- _YOUR INSTRUCTIONS_: Nothing but the lines below from the one containing "With an EPA" through the one containing "Good morning, good" should appear in the answer, exact and without pictures.

*** Opening of PROVIDED MATERIAL ***

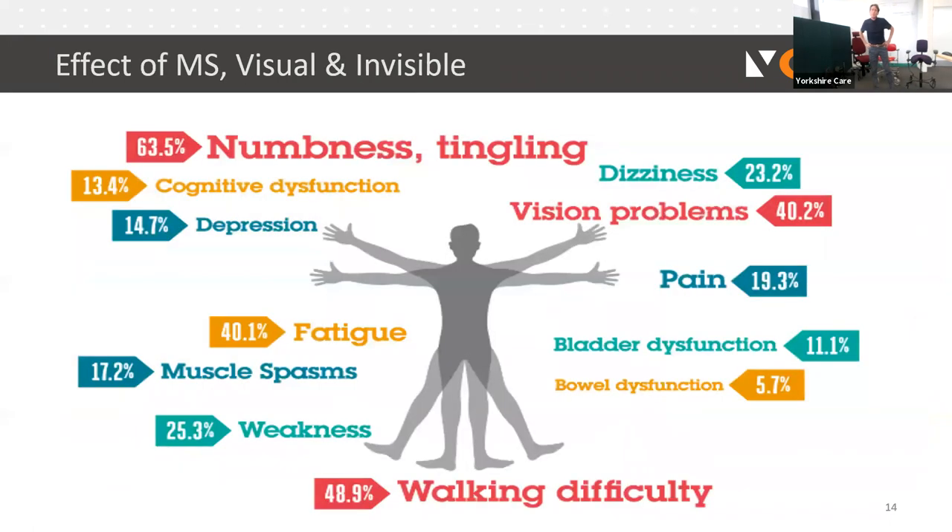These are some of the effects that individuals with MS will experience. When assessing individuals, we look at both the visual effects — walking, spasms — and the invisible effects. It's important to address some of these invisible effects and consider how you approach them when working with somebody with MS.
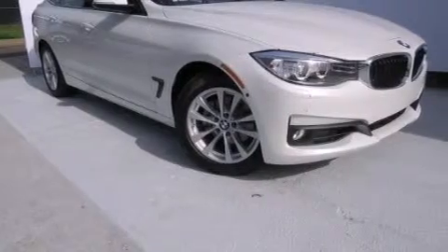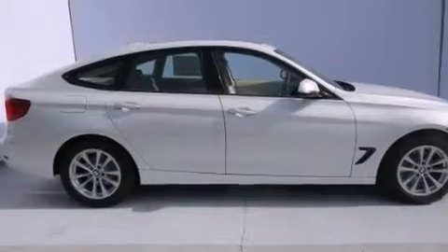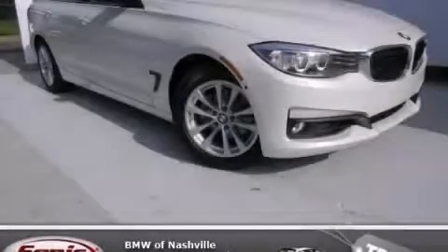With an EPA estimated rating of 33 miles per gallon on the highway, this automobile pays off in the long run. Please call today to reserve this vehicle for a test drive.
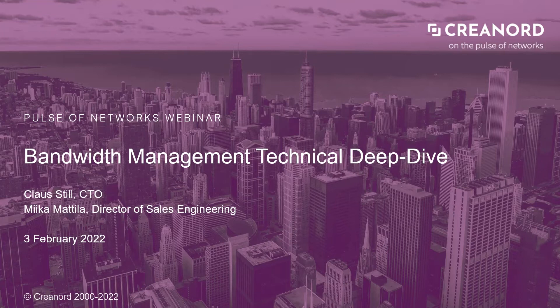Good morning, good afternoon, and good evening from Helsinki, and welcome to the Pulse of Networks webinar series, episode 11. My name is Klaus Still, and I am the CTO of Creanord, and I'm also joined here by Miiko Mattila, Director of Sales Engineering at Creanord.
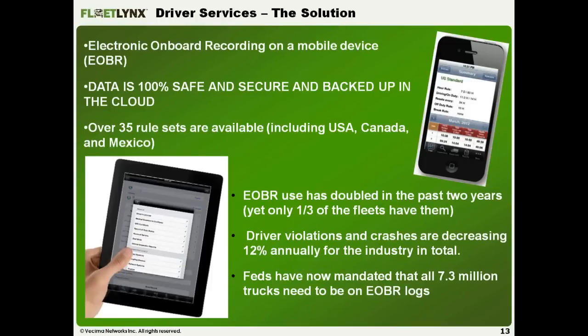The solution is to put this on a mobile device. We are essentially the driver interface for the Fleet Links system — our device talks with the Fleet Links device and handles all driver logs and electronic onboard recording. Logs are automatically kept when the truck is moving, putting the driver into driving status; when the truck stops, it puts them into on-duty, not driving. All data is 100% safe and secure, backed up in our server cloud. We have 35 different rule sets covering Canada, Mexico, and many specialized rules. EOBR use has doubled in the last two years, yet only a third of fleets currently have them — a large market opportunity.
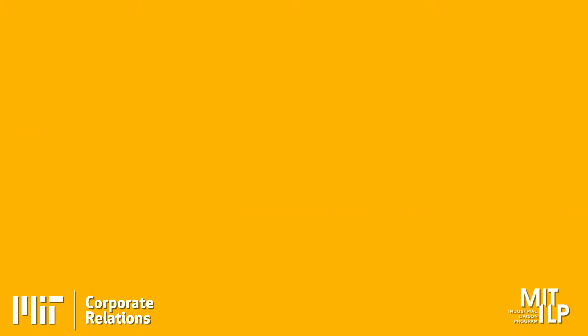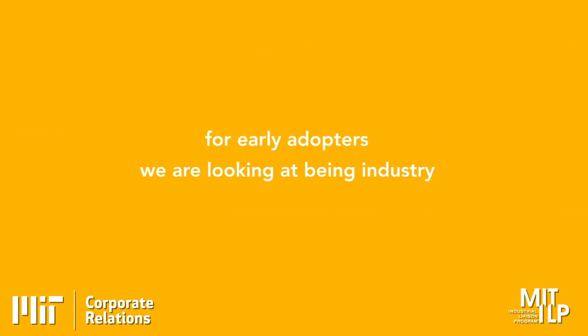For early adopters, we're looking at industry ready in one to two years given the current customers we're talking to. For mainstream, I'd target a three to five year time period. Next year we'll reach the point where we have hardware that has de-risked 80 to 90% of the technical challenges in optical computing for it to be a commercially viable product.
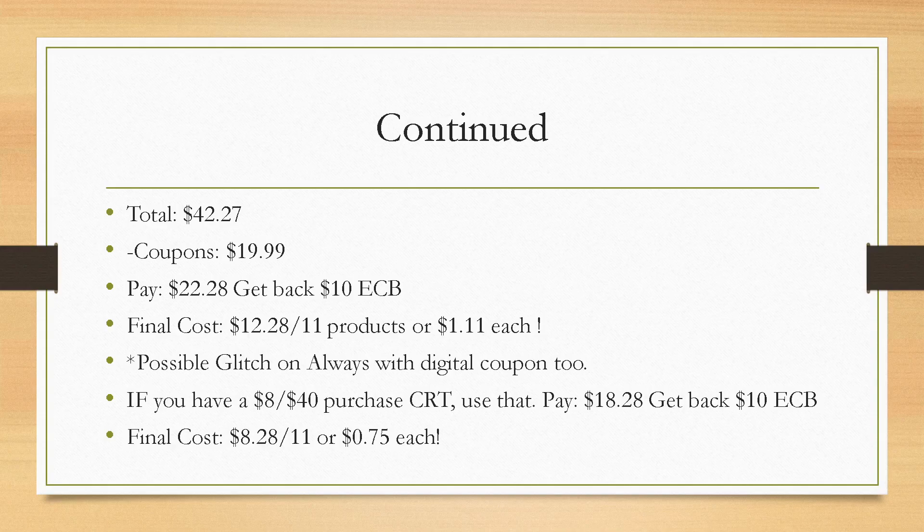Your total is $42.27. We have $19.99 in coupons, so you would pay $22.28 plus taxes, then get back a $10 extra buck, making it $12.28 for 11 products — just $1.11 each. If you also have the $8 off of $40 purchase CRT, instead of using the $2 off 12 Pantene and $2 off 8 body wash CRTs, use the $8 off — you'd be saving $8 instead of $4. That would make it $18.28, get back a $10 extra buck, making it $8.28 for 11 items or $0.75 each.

*** Close of PROVIDED MATERIAL ***
*** Opening of PROVIDED MATERIAL ***

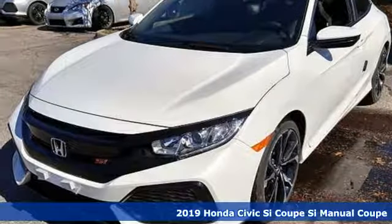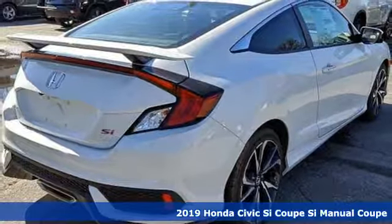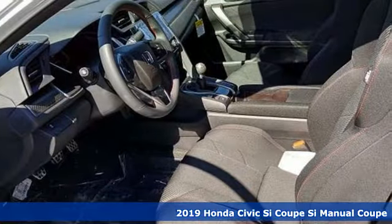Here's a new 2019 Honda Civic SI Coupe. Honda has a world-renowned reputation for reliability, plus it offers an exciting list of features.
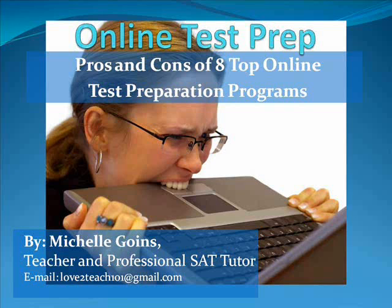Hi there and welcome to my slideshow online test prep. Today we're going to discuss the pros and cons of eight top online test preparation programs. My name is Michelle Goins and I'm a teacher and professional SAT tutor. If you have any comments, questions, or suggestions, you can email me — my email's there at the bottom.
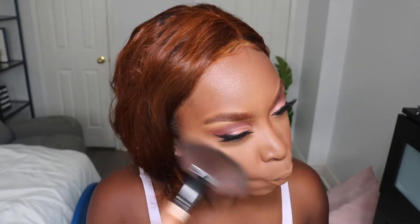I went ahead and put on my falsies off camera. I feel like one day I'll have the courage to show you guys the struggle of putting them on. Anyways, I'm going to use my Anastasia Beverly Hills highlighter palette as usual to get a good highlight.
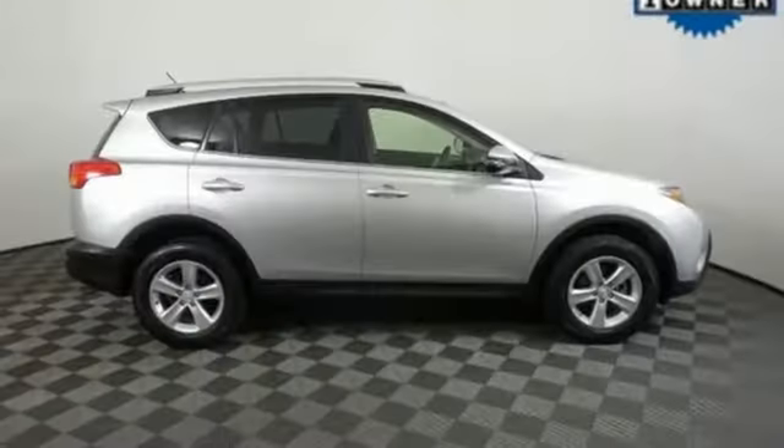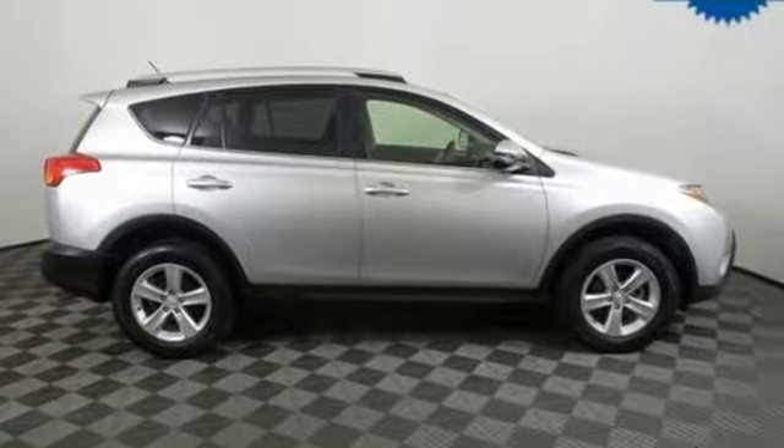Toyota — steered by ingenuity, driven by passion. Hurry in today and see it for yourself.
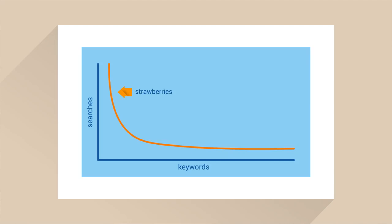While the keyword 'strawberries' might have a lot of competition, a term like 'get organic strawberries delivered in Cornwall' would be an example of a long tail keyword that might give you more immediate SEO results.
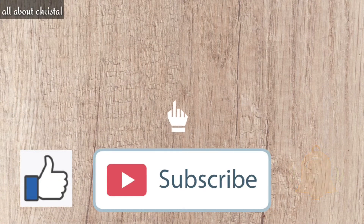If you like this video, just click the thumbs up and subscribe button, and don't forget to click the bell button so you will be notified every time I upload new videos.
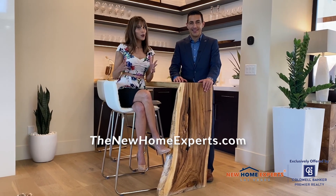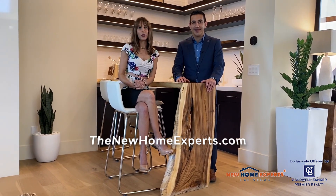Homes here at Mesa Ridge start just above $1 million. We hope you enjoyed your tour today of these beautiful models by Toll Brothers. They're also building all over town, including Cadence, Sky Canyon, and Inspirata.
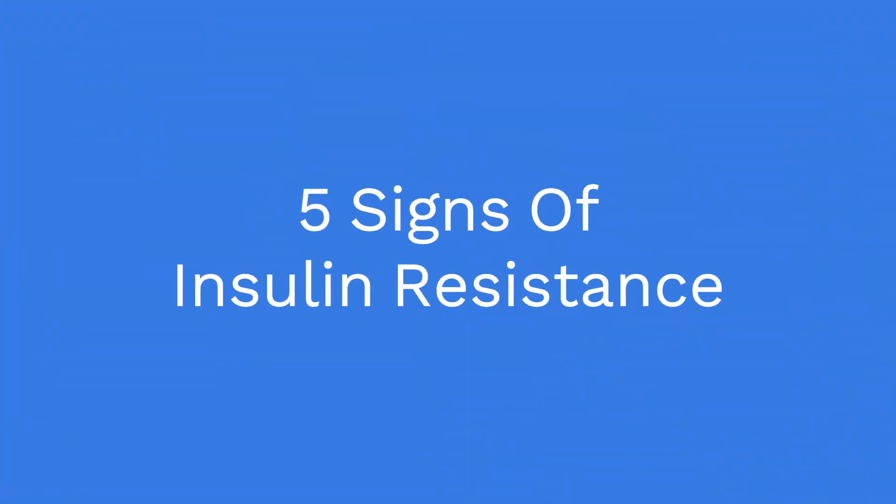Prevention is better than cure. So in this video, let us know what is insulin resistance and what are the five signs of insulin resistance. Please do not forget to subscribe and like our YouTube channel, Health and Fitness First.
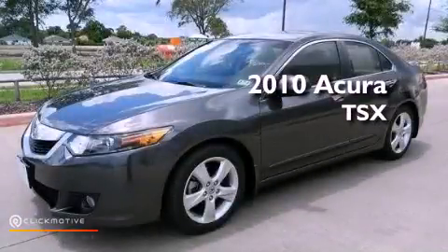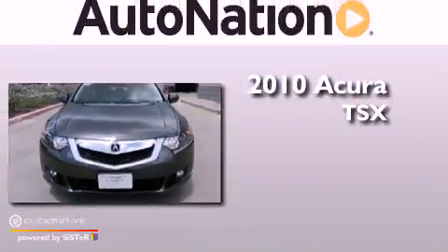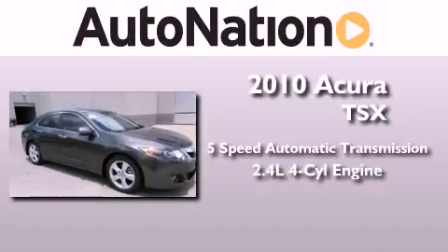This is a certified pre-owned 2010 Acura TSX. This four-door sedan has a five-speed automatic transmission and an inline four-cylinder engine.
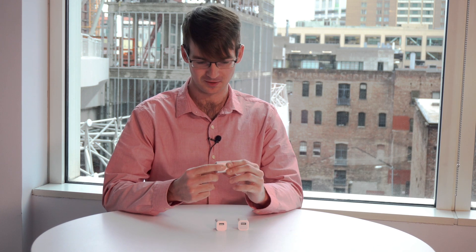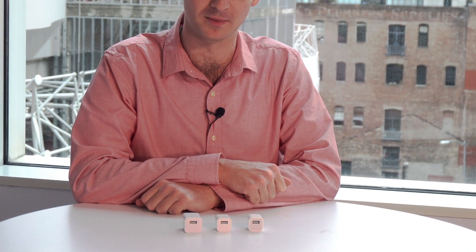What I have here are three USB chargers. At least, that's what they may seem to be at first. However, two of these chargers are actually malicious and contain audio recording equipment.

*** Close of PROVIDED MATERIAL ***

- _SOLUTION FOR THIS EXERCISE_:
With an EPA estimated rating of 33 miles per gallon on the highway, this automobile pays off in the long run. Please call today to reserve this vehicle for a test drive.
Good morning, good afternoon, and good evening from Helsinki, and welcome to the Pulse of Networks webinar series, episode 11. My name is Klaus Still, and I am the CTO of Creanord, and I'm also joined here by Miiko Mattila, Director of Sales Engineering at Creanord.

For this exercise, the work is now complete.